-------- Data for this exercise
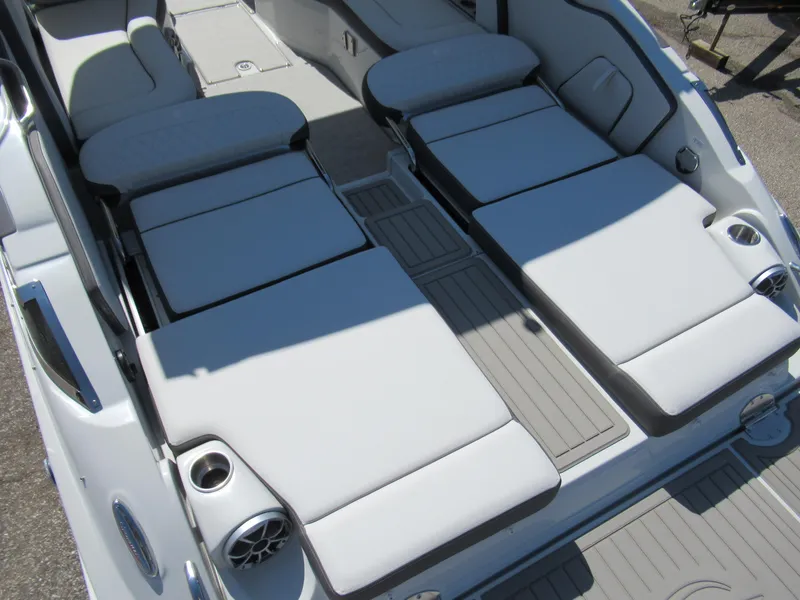 Slide: The Image of Crownline Boats E305 2022 - 20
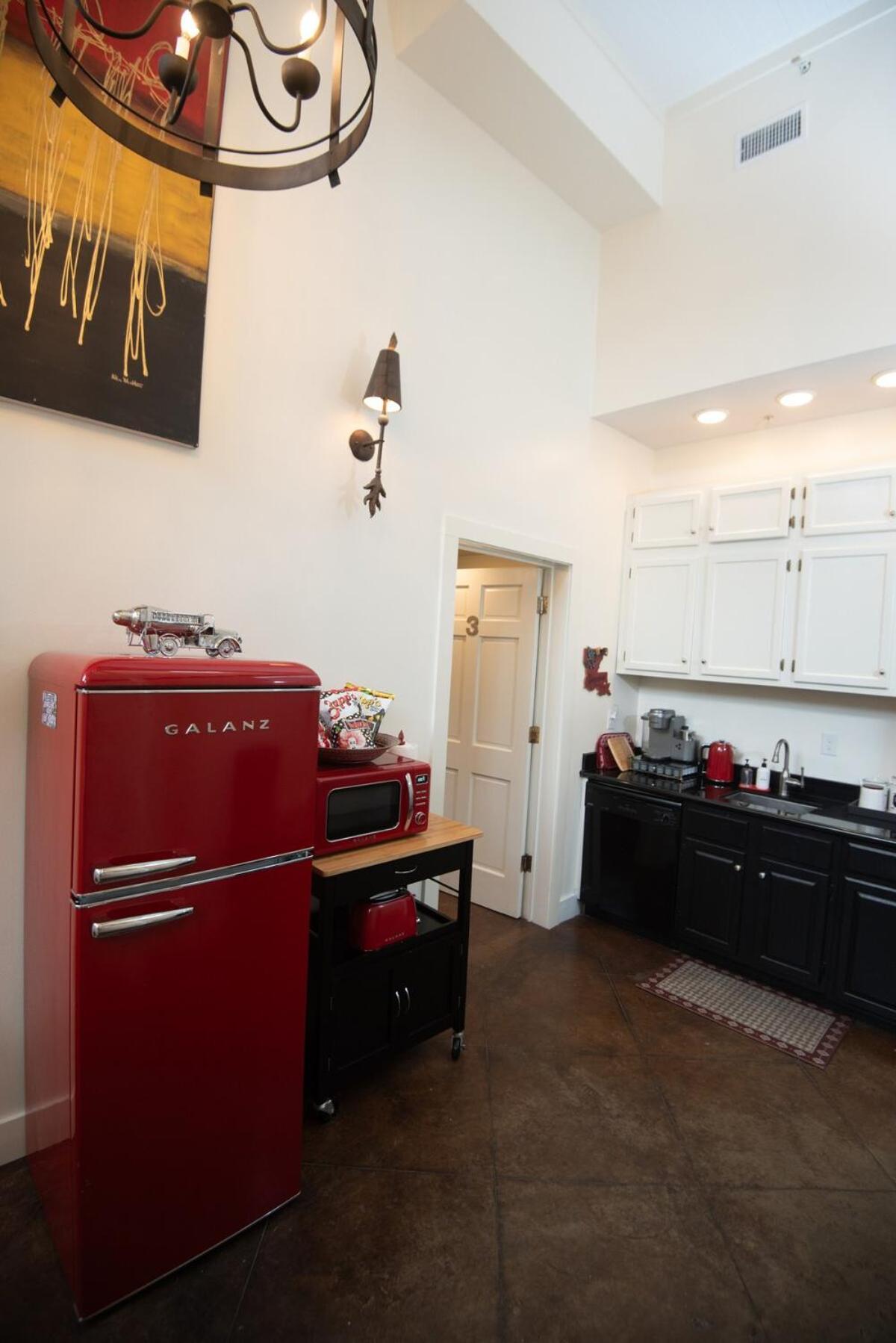 Deluxe Queen Suite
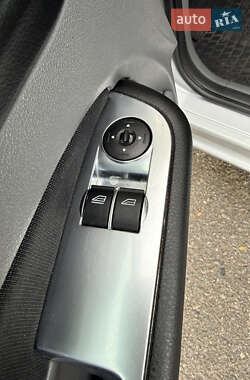 Хэтчбек Ford Focus 2010 в 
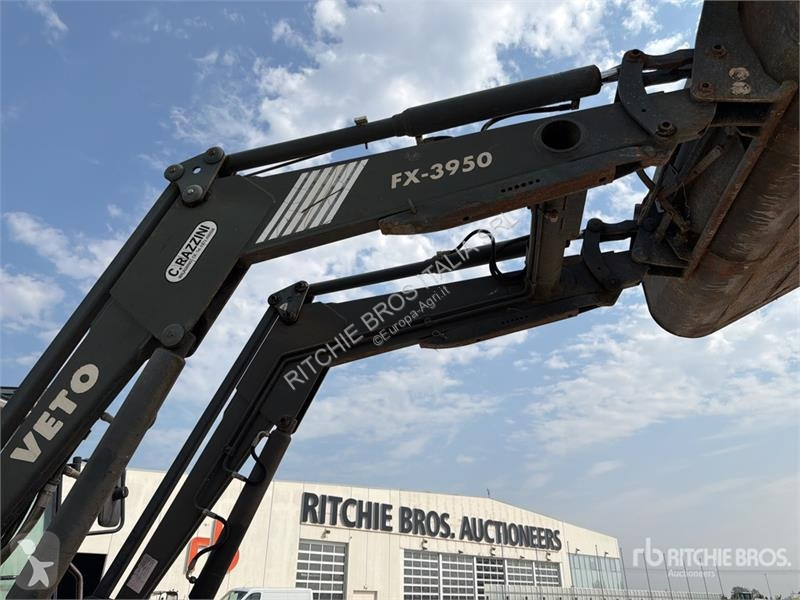 Сільськогосподарський трактор Massey Ferguson 4345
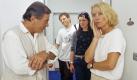 Wen hat sie sich da nur geangelt? - Beim ersten Besuch checken Eltern den Freund der Tochter ab. (Bild: Diagentur/dpa/tmn) Foto: dpa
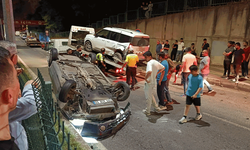 Samsun'da kontrolden çıkan otomobil park halindeki araçlara çarpıp takla attı: 2 yaralı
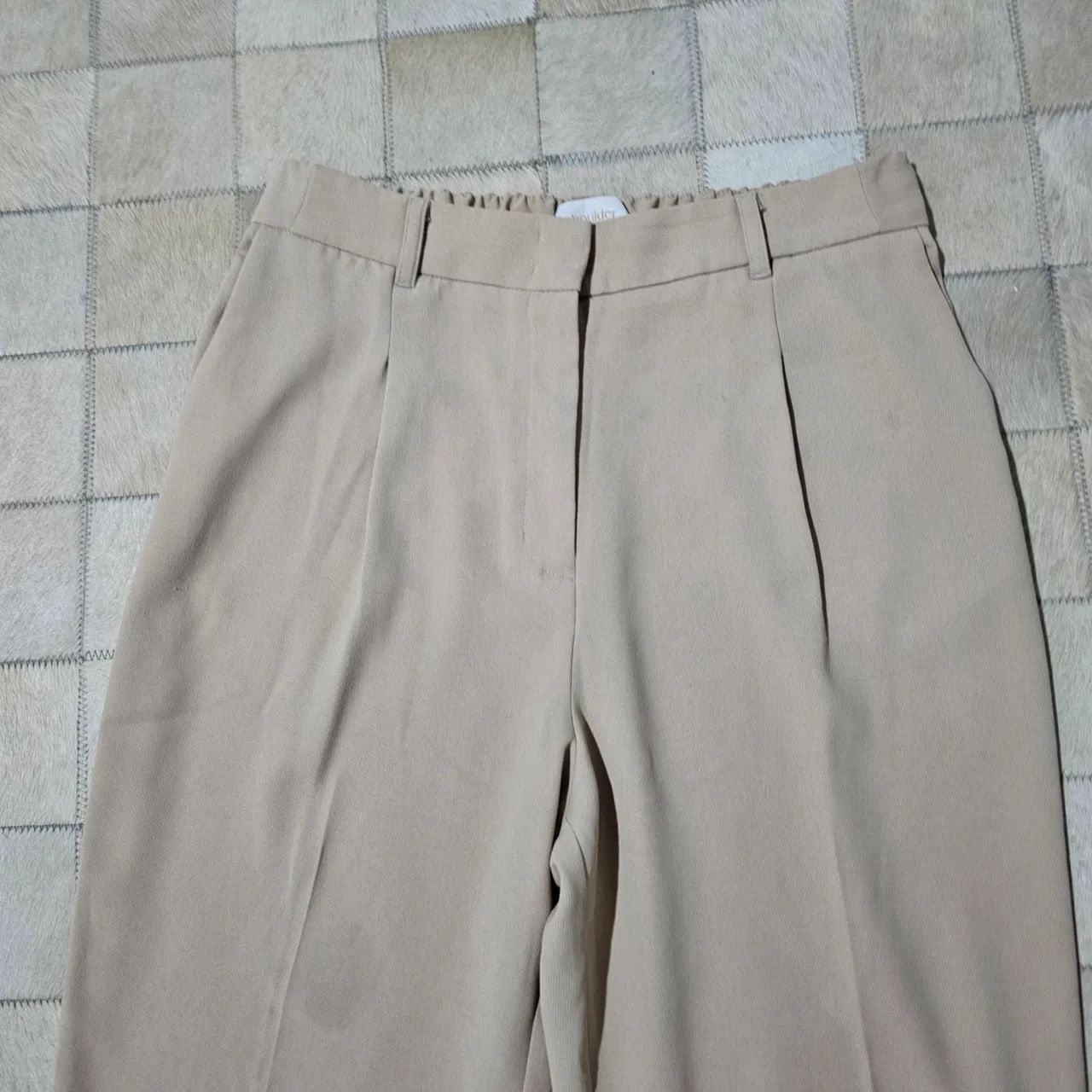 Calça de tecido shoulder bege - Foto 2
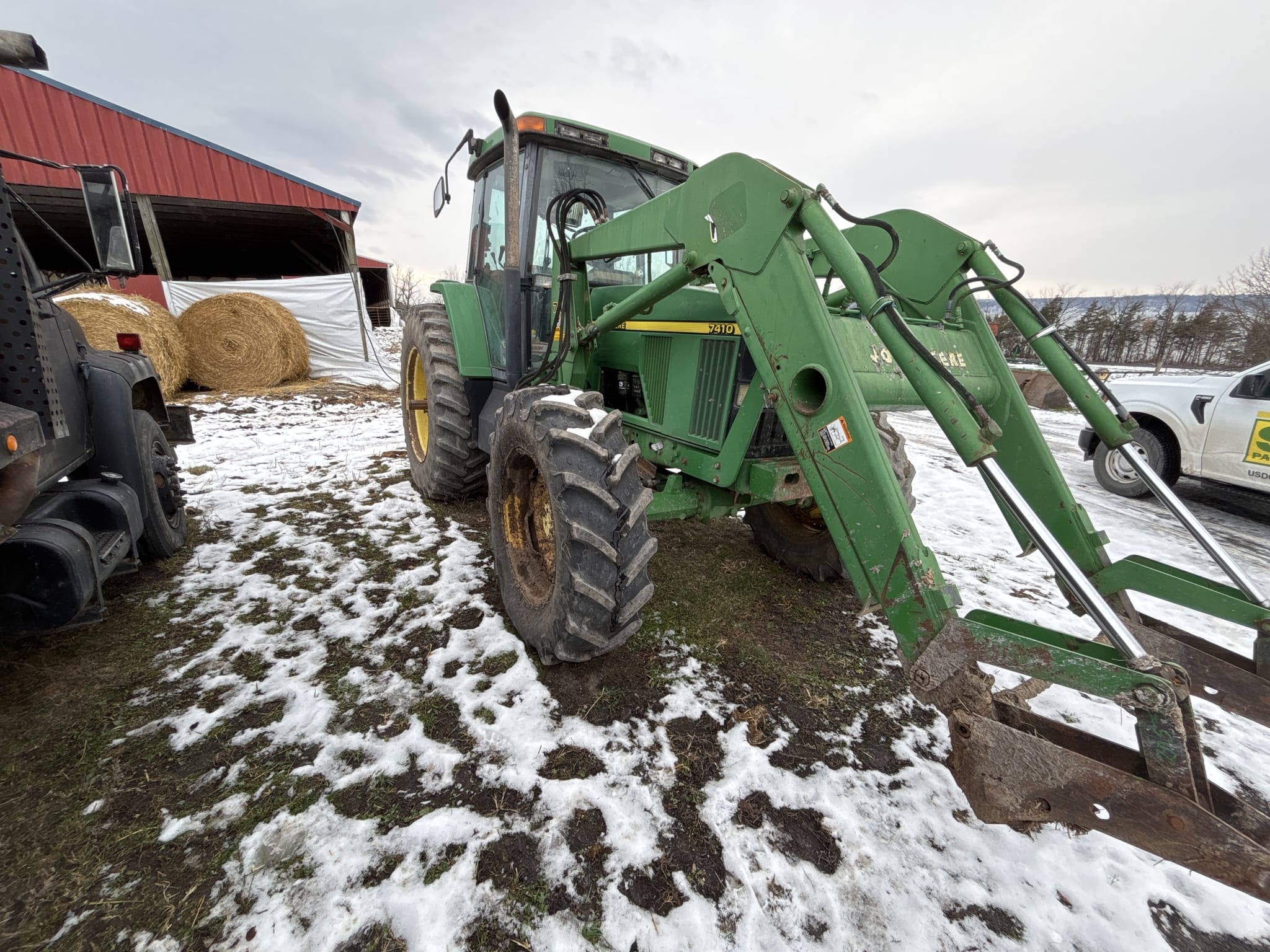 2002 John Deere 7410 Image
----------------
Work required
Repeat exactly the lines above, starting at the one that contains "Хэтчбек Ford Focus 2010 в" and stopping at the last line of the entries, and leave out the pictures.

Answer to the exercise
 Хэтчбек Ford Focus 2010 в 
 Сільськогосподарський трактор Massey Ferguson 4345
 Wen hat sie sich da nur geangelt? - Beim ersten Besuch checken Eltern den Freund der Tochter ab. (Bild: Diagentur/dpa/tmn) Foto: dpa
 Samsun'da kontrolden çıkan otomobil park halindeki araçlara çarpıp takla attı: 2 yaralı
 Calça de tecido shoulder bege - Foto 2
 2002 John Deere 7410 Image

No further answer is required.